Directions for this task: Print every line of the material below exactly as it stands, but omit the pictures.

Material shown:
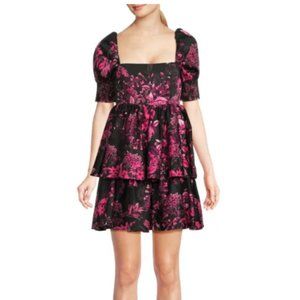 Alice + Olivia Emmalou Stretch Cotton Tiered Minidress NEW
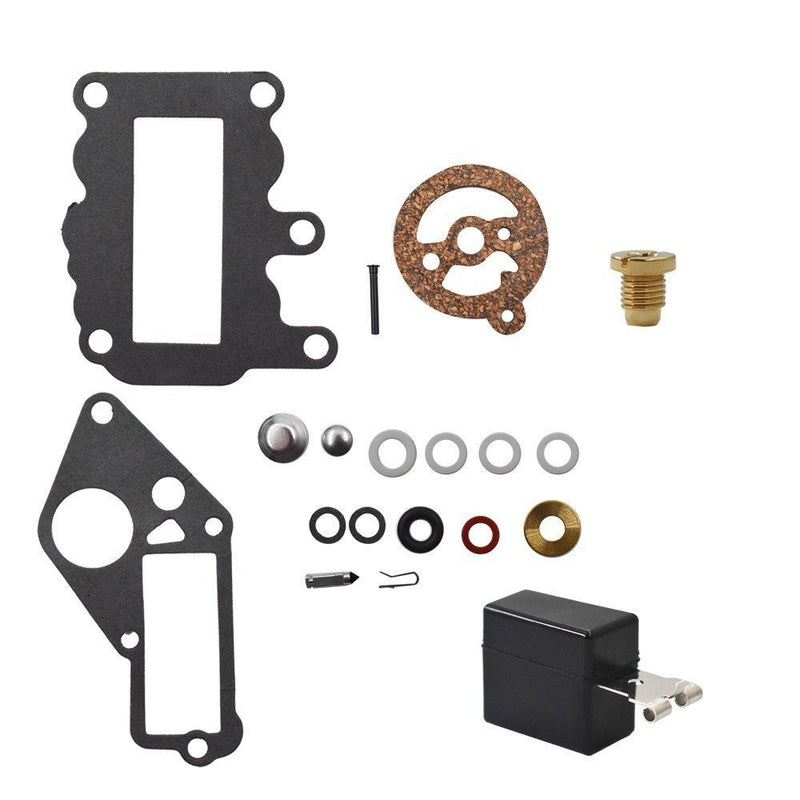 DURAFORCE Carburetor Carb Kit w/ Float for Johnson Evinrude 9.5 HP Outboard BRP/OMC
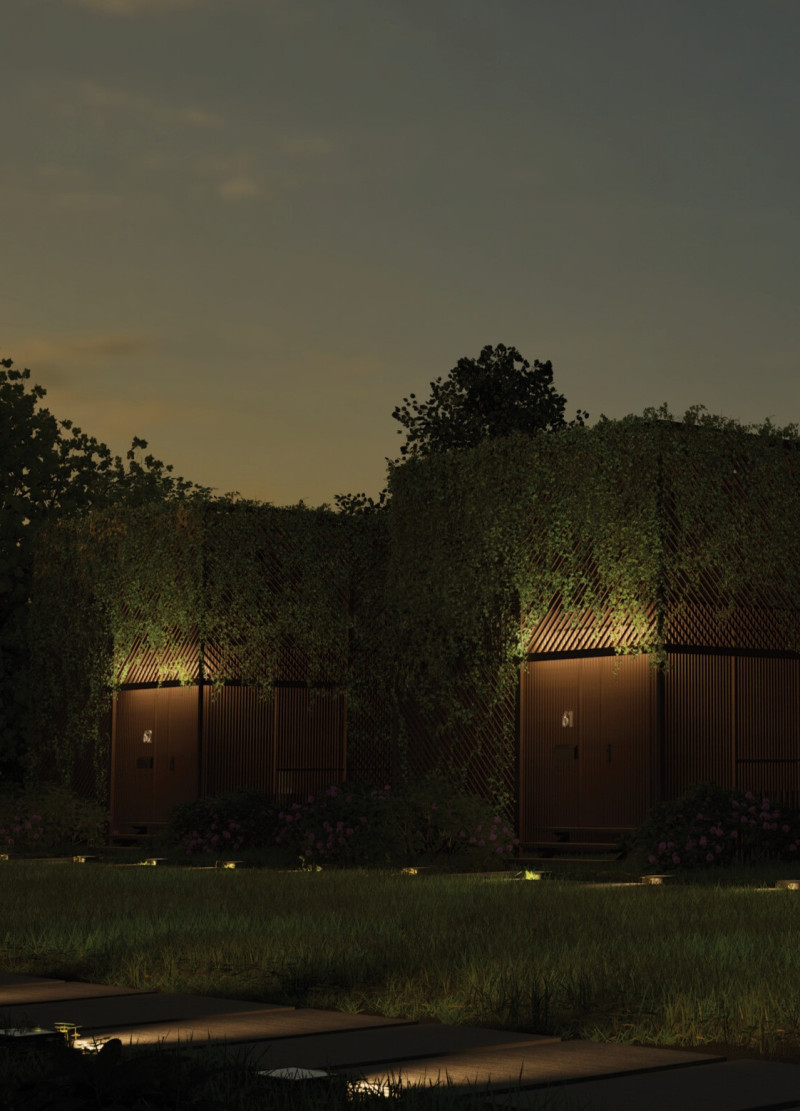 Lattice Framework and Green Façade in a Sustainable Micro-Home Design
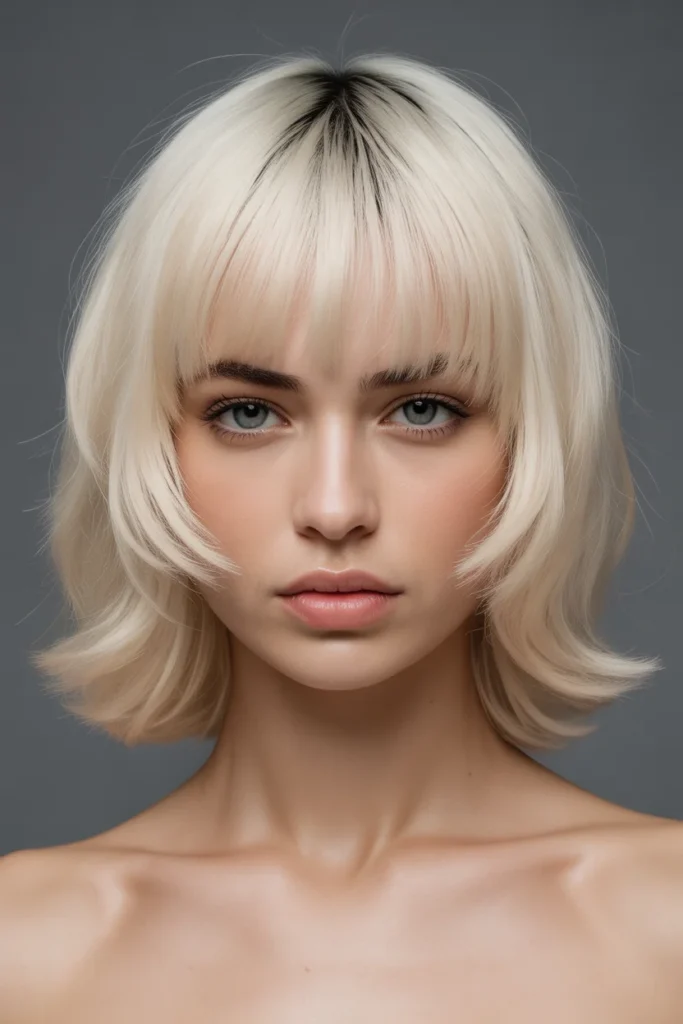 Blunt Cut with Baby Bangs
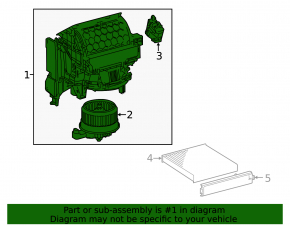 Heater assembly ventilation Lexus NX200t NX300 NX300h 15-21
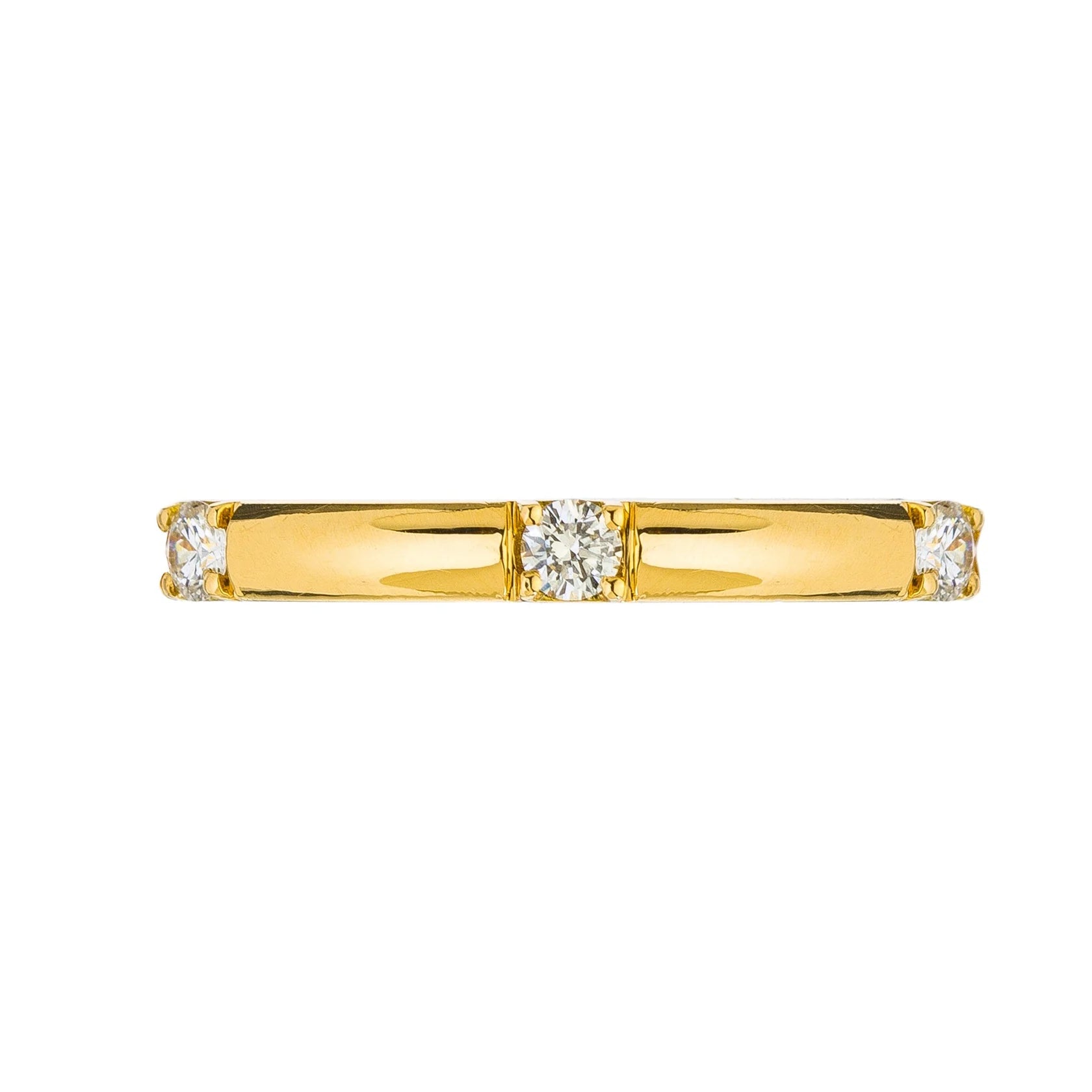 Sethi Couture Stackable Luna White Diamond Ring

Result for this task:
 Alice + Olivia Emmalou Stretch Cotton Tiered Minidress NEW
 DURAFORCE Carburetor Carb Kit w/ Float for Johnson Evinrude 9.5 HP Outboard BRP/OMC
 Lattice Framework and Green Façade in a Sustainable Micro-Home Design
 Blunt Cut with Baby Bangs
 Heater assembly ventilation Lexus NX200t NX300 NX300h 15-21
 Sethi Couture Stackable Luna White Diamond Ring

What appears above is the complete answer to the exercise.